I have a ~20' awning(Faulkner Ultra) for a 1988 Sunline trailer and it appears to no longer have enough tension to roll up anymore.  I can still hand roll it into it's upright stored position but it won't do it on it's own.
The arms are in good condition and the fabric is only a couple years old.   
The operating instructions don't provide any help with restoring tension. 
Any ideas?


----------



## sp (Oct 4, 2003)

faulkner ultra Roll-up awning

Hey rzig,

Climb up on your ladder and pull the bolt that runs thru the upper arm and into the tension winding cap. Hold the cap tight, lift it up and rotate it in the direction of the arrow about 7-8 times. Put it back it and rebolt. Now do the same thing on the other arm and then test it. If it still doesn't roll well, repeat steps but only wind a couple at a time.

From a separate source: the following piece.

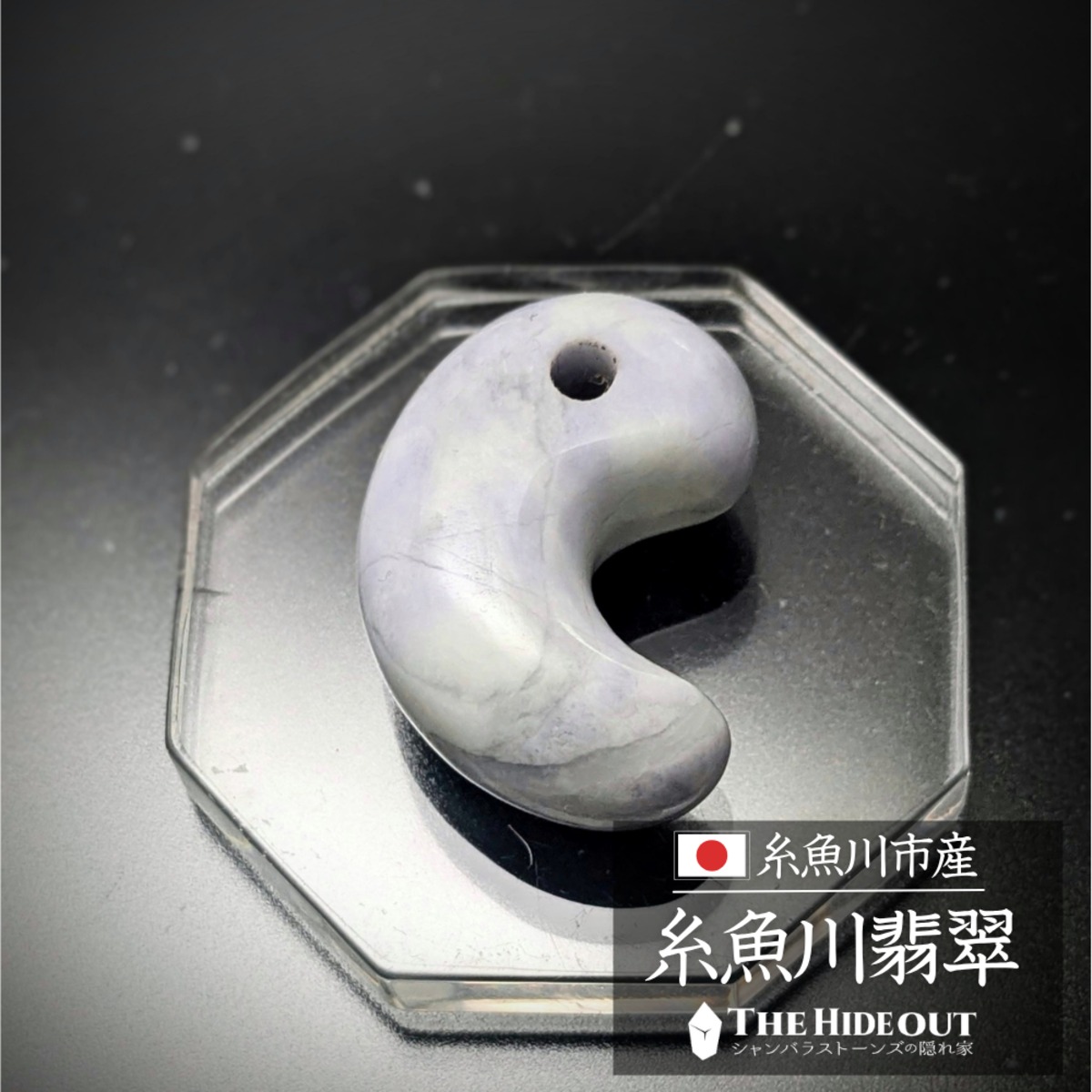 【専用】糸魚川翡翠　ラベンダー&コン沢&濃翠　勾玉 日本国産鉱物アクセサリー003 新潟県糸魚川市青海海岸産糸魚川翡翠 10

Again, hold on tight!!    

Let us know how you do.
sp  :bleh:


----------



## pinewoodpete (Oct 5, 2009)

RE: faulkner ultra Roll-up awning

Hello You are one step ahead of me (Actually several) .  I have just purchased a 1989 Toyota C Class which has a Faulkner Ultra Roll Up Awning - I don't think the previous owner ever used it and I don't have any instructions so I don't really know where to start.  Don't suppose you have a computer copy of the instructions do you?  TIA

Pinewoodpete  :question:


----------



## Grandview Trailer Sa (Oct 7, 2009)

Re: faulkner ultra Roll-up awning

rzig303, 
I suspect your springs are broken..at least one is.  Yesterday we had a Faulkner awning in the shop doing what yours is.  One spring was broken...luckly it was near the end of the spring and I was able to reattatch the shortened version on the end cap and saved it.  If it breaks again, we will have to throw it away.  Faulkner is out of business and parts are getting very hard to find.


----------